Ma tra i comportamenti di allora che suonano ancora familiari c’è naturalmente molto di più classicamente politico. Quel politico che Telese fotografa con la lente del collezionista dei piccoli gesti che parlano più dei migliori discorsi, e dunque con un metodo giornalistico che nel suo caso è figlio tanto del leggendario cannocchiale di Giampaolo Pansa quanto della spietata microveggenza di Francesco Merlo. Per centinaia di pagine seguiamo quindi le orme di coloro che Luciano Lama chiamava nel 1990 “i dorotei comunisti, quelli che danno poca importanza ai contenuti e pensano soltanto al potere”, capitanati da un D’Alema già in pista per il comando e impegnato a ricucire sempre e comunque tra le varie anime di un PCI in via di inevitabile frantumazione. O anche la fissità della pregiudiziale antisocialdemocratica che accompagnò tutto il corso della trasformazione dal PCI in PDS, la stessa che impedì al nuovo partito di scegliere la strada allora ancora vitale del socialismo europeo e che oggi Livia Turco ricorda con disarmante franchezza: “Io non avrei mai accettato una Svolta che fosse semplicemente socialdemocratica.

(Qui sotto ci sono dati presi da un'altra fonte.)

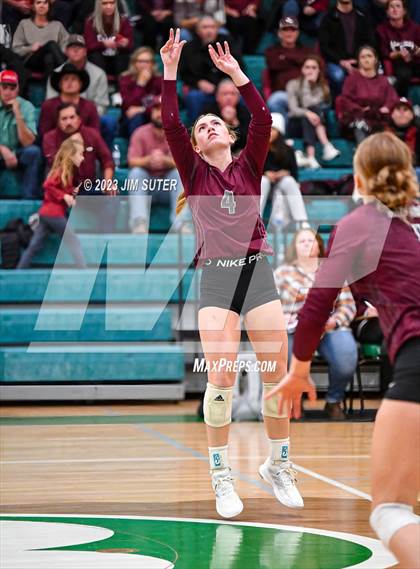 Thumbnail 3 in Johnson City vs Thrall (UIL 2A Region IV Semifinal) photogallery.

Non avrei potuto accettare di abbandonare il comunismo per… così poco”. Così come nasce in quel frangente la frenesia con cui si scelse e si sceglierà di fondare nuovi partiti invece di dedicarsi al ben più difficile mestiere di elaborare nuove proposte politiche, mentre ritroviamo in queste pagine il ritornello “Questo non è un nuovo partito, ma un partito nuovo” che ha accompagnato fino alla noia la nascita del PD.

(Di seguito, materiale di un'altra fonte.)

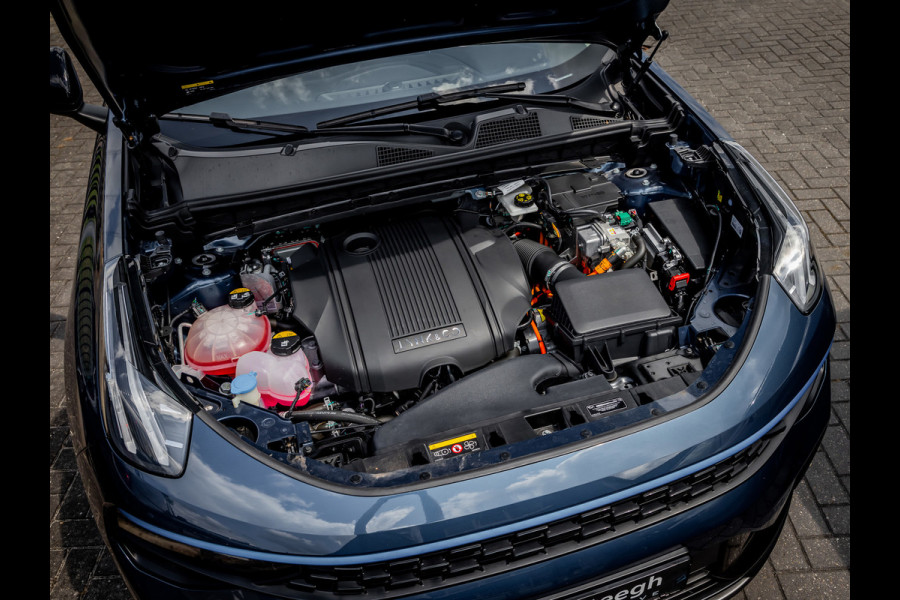 Lynk & Co 01 1.5 Plug-In Hybrid 262pk BLACKED OUT | 360 Camera | Panoramadak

L’apocalisse comunista, raccontata da Telese con la stessa capacità ossessiva che ha fatto del suo precedente “Cuori Neri” un libro di culto per un pezzo negletto d’Italia, è dunque una galleria di grandi velleità e piccoli fallimenti. Sullo sfondo di uno psicodramma che avrebbe rappresentato l’ultimo grande spartiacque della storia della sinistra italiana, dopo il quale niente sarebbe più stato uguale a prima ma che ci avrebbe consegnato un dopo destinato a rimanere sempre uguale a se stesso. Un libro costruito sulla premessa sentimentale di una superiorità berlingueriana che non fa i conti con le tare precisamente berlingueriane di cui questa classe dirigente non si è mai liberata. Ma anche per questo un libro-miniera che non si può evitare di leggere, come la migliore introduzione al ventennale del 1989.